The napkin reads: ‘In Barcelona, on 14 December 2000 and the presence of Messrs Minguella and Horacio, Carles Rexach, FC Barcelona’s sporting director, hereby agrees, under his responsibility and regardless of any dissenting opinions, to sign the player Lionel Messi, provided that we keep to the amounts agreed upon.’

The napkin that will go down in history (Picture: Courtesy Bonhams/SWNS)

Rexach, Gaggiolo and Minguella all signed the serviette.

Gaggioli said that the napkin ‘broke the deadlock’. 
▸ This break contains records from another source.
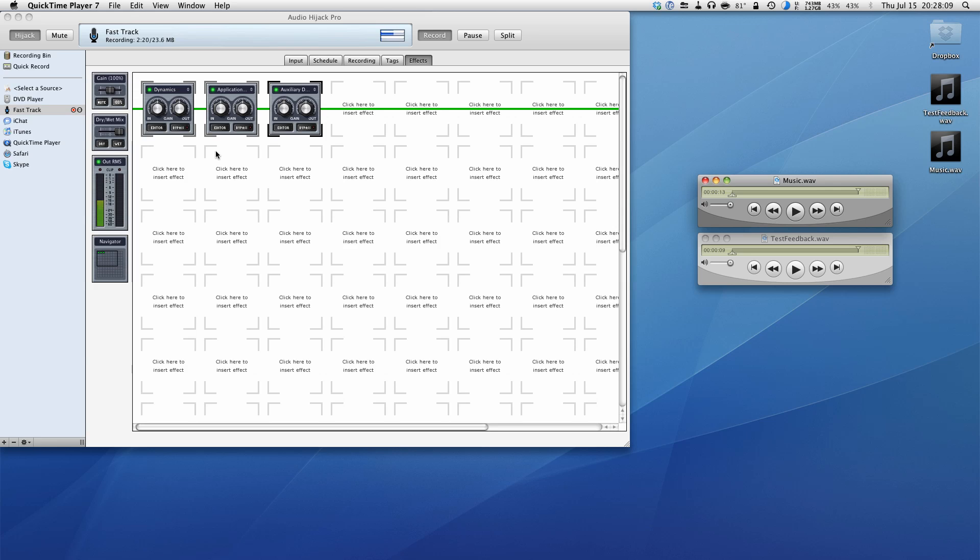All that without actually using a very expensive mixer. Okay, so until next time, stay tuned for some more advanced tutorials for Audio Hijack Pro. I just hope that this one helped you out and hope to see you soon. Take care.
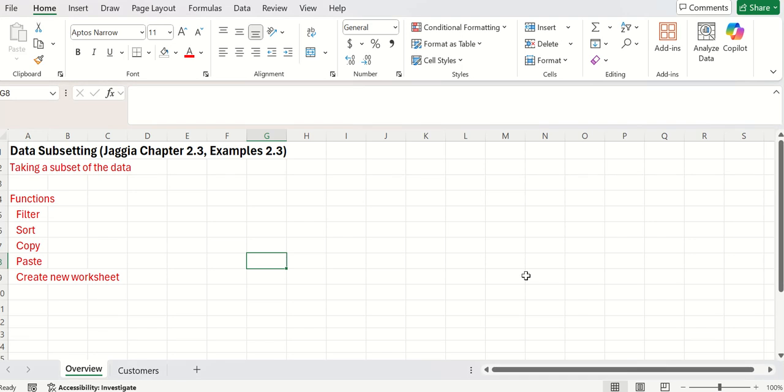In this video, we're going to continue talking about taking our data and preparing it so that we can start doing analytics with it.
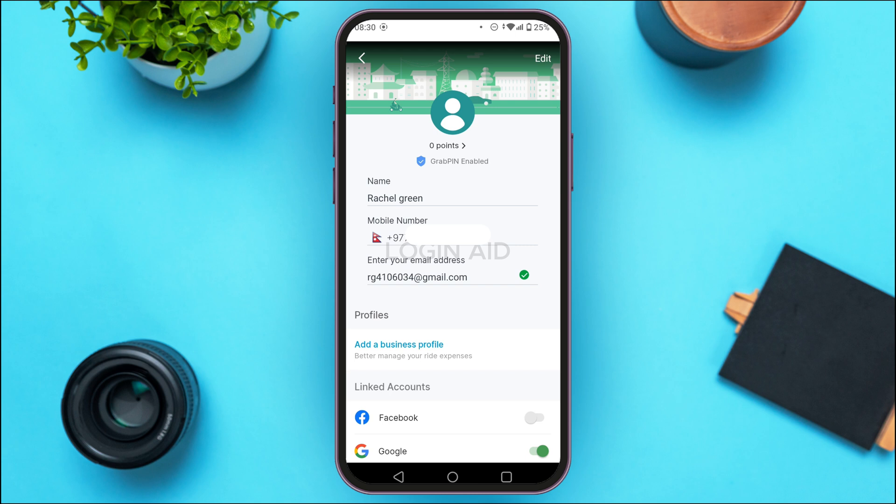Once you enter the email address, you'll also have to verify it. Enter the six-digit verification code that will be sent to your email. After that, your email will be verified and you'll automatically receive e-receipts after any Grab transaction via your email.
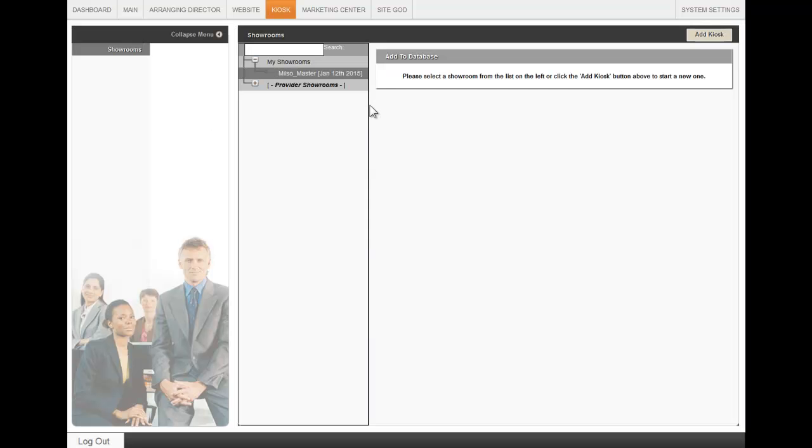Once you've done that, you will see that you've created a new showroom under My Showrooms with today's date. Click on this new showroom.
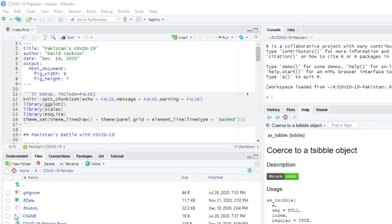Welcome back to the Caribou Data Science Channel. Today is December 14th, 2020. I'm getting ready for my weekly data report for the country of Pakistan.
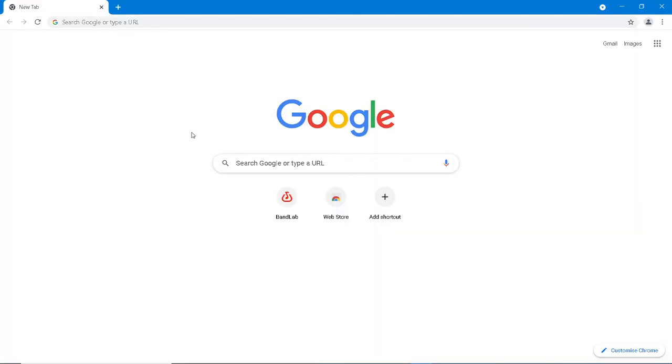Make sure your computer is connected to the internet. Open your internet browser and type in www.bandlab.com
A month later, Messi joined Barcelona and history was made. In his twenty years at the club, he scored 672 goals in 778 games.

Where is the napkin now?

For years, the historic napkin was framed and stored in a bank in Andorra, where Gaggioli lives.

Some fans wanted the napkin to go on display at the Barcelona club museum. In an interview with Spanish website SPORT in 2020, Gaggioli said he didn’t know why the napkin wasn’t already on display in the club museum.

Messi went on to make history at Barcelona (Picture: Courtesy Bonhams/SWNS)

‘I was always in favour of the napkin being displayed in the museum, and if one day it leaves [the bank in] Andorra, that is where it will go,’ he said.

But it seems that Gaggioli has changed his mind, as London-based auction house Bonhams is now selling the napkin on his behalf. Bonhams has previously auctioned off costumes and props from the Netflix series The Crown.

It’s unclear whether Gaggioli is the sole legal owner of the napkin. Minguella questioned who the legal owner of the napkin was in with Catalunya Radio on Wednesday. He said that because three people signed it, it could be argued that there are three owners.

Today, Messi plays for Inter Miami (Picture: Tim Nwachukwu/Getty Images)

The auction will take place in March, where the napkin will have a starting price of £300,000.

Head of fine books and manuscripts at Bonhams Ian Ehling said: ‘Yes, it’s a paper napkin, but it’s the famous napkin that was at the inception of Lionel Messi’s career

‘It changed the life of Messi, the future of FC Barcelona, and was instrumental in giving some of the most glorious moments of football to billions of fans around the globe.’